It claims 300 infantrymen were killed while hundreds more were seriously injured. Kyiv claims at least 45,000 Russian troops have been killed in the war, though British and American estimates put the number at 20,000 to 30,000.
Kyiv Post cites an intercepted phone conversation made on August 10 in which a Russian soldier described the slaughter, saying: “They f***** our position to pieces. Again lots of wounded… Only half of us survived. One in every two of us was wounded.”
It has not been possible to independently verify the reported intercept.
The same publication, citing Ukrainian intelligence spokesman Vadym Skibidsky, said Russian commanders had tried to form a temporary battalion made up of the survivors of Mariupol as well as rear area personnel to send to the frontline, but the move led to a mass resignation – in spite of the threat of treason charges.
Russia’s 810th Brigade of the Black Sea Fleet was one unit of the Soviet Navy’s Marine Corps.
After the collapse of the Soviet Union, the Black Sea Fleet’s assets were divided between Russia and Ukraine with the 810th Marine Brigade downsized, according to the Centre for Analysis of Strategies and Technologies.
Units of the Black Sea Fleets 810th Marine Brigade took part in a blockade of Ukrainian military bases in 2014 in a bid to prevent Ukraine from putting up resistance during Russia’s annexation of Crimea.
The brigade has been guarding the border between Crimea and Ukraine ever since.
Russian military bases in Crimea have been rocked by explosions in recent weeks.
A new commander of the Black Sea Fleet was installed earlier this month, according to RIA news agency, in what was described at the time as one of the most prominent sackings of a military official in the six months since Russia invaded its neighbour on February 24.
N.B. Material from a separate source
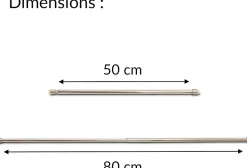 2 Tringles à Rideaux, Sans Perçage, par Pression, Nickel, Extensible 50-80 cm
State-owned RIA cited sources as saying new chief Viktor Sokolov was introduced to members of the fleet’s military council in the port of Sevastopol.
One source said it was normal the appointment was not publicly announced at a time when Russia was conducting what it calls its “special military operation” in Ukraine.
The Black Sea Fleet has a revered history in Russia, but it has suffered several highly public humiliations in the course of Vladimir Putin’s war.
In April, Ukraine struck its lead warship, the Moskva, with Neptune missiles, causing it to catch fire and sink.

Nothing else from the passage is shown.